Sedentary Lifestyle: Going on a keto diet makes more sense for people with a desk job or corporate jobs that don’t require a lot of physical movement. If your body isn’t moving through the day, it does not need high amounts of carbohydrates for sustenance. This will also enable you to use the carbs at your disposal in a more efficient manner if you time your consumption according to your workout.

Boosted Insulin Sensitivity: This happens when the body is not efficiently synthesizing glucose and sugar from carbohydrates. This will in-turn reduce your training performance, decrease the amount of glucose a muscle cell can hold in itself.
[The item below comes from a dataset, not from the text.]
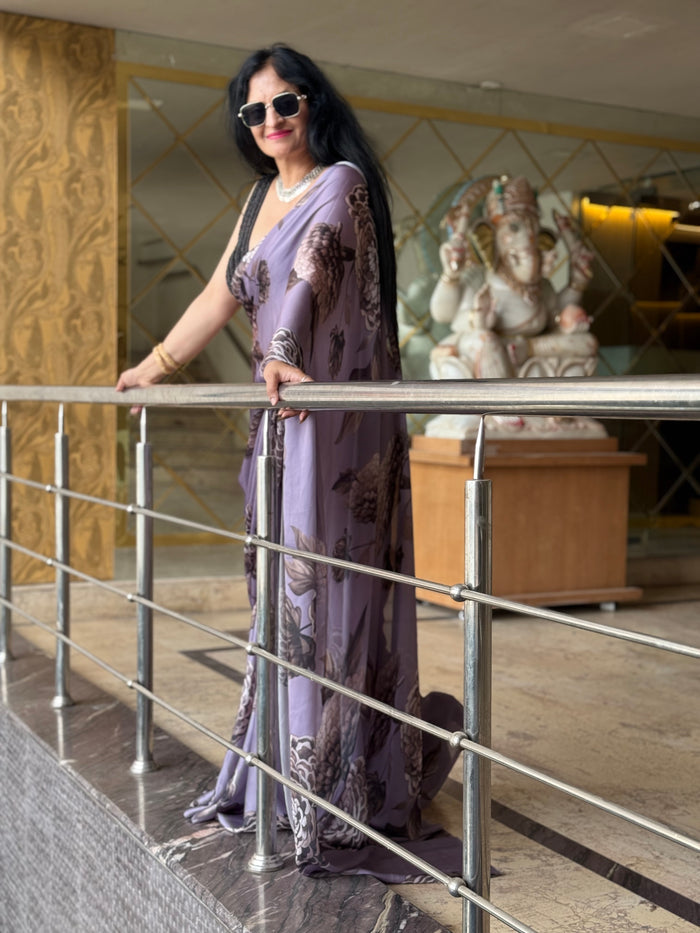 Digital silk Saree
Spending time in the state of ketosis might be of great help to your body’s long-term ability to synthesize sugars.


Brain Sugar Symbiosis: A very basic scientific and medical fact is that the brain needs blood glucose (sugar) to derive its energy to be able to function. Keto diet restricts carbohydrates that are essential for the proper functioning of the human brain and in-turn the brain. Otherwise, you may feel sluggish, tired or lower cognitive functioning.

Carbs Encourage Overall Performance: If you are an athlete who leads a very active lifestyle or a person who has a job that requires a lot of energy and stamina then keto is a bad idea for you. Carbs facilitate growth and hence a low carb count is counterproductive to energy and stamina.

Medical Use: Traditionally keto was recommended for people with a sedentary disease like paralysis, Parkinsons. These people have no option of bodily movement to burn off fat, hence keto was an alternative as the person would require removal of fat without physical movement. But misinterpreting this and using it in the fitness world has not compensated for the non-sedentary lifestyles and the huge amounts of energy required.

Calories: In principle, weight loss is governed by the ratio of calories in versus calories out. If you’re burning more calories than you consume then you will inevitably lose weight. By placing too much emphasis on fat, and not enough on the overall calorie count, keto seems to be losing focus of the issue at hand.